= Eugène Goossens, père =

Belgian conductor

Eugène Goossens (25 February 1845 - 30 December 1906) was a Belgian conductor and the head of a prominent musical family.

==Biography==
He was born in Bruges and studied music as a child at the Church of Our Lady, Bruges, then at the Bruges Conservatoire. At the age of fourteen, he was admitted to the conservatoire in Brussels, where he studied composition.
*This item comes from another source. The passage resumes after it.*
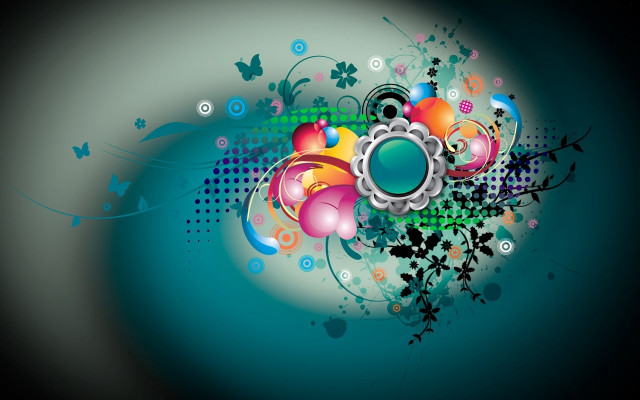 Colorful abstract flower butterfly blue free wallpaper - medium preview image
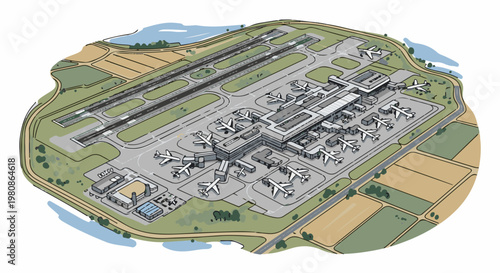 Aerial view of a bustling international airport with many airplanes parked at gates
He conducted opera companies throughout Europe, moving to England in 1873. There he conducted for the company of Selina Dolaro under the management of Richard D'Oyly Carte in 1876. In May 1878, for Carte, he conducted The Sorcerer by Gilbert and Sullivan and also conducted H.M.S. Pinafore in July and August 1878, while Alfred Cellier was assisting Arthur Sullivan at the promenade concerts at Covent Garden. He also conducted a "special operatic performance" of H.M.S. Pinafore at The Crystal Palace on 6 July 1878.

Goossens became famous as a musical director of the Carl Rosa Opera Company, for whom he conducted the first English performance of Richard Wagner's Tannhäuser, in Liverpool in 1882. He became principal conductor of Carl Rosa in 1889. He conducted Rosa's company in a command performance, in November 1892, of The Daughter of the Regiment for Queen Victoria at Balmoral Castle.

He was the father of the conductor and violinist Eugène Goossens and grandfather of the conductor and composer Sir Eugene Goossens, the harpists Marie and Sidonie Goossens and the oboist Léon Goossens.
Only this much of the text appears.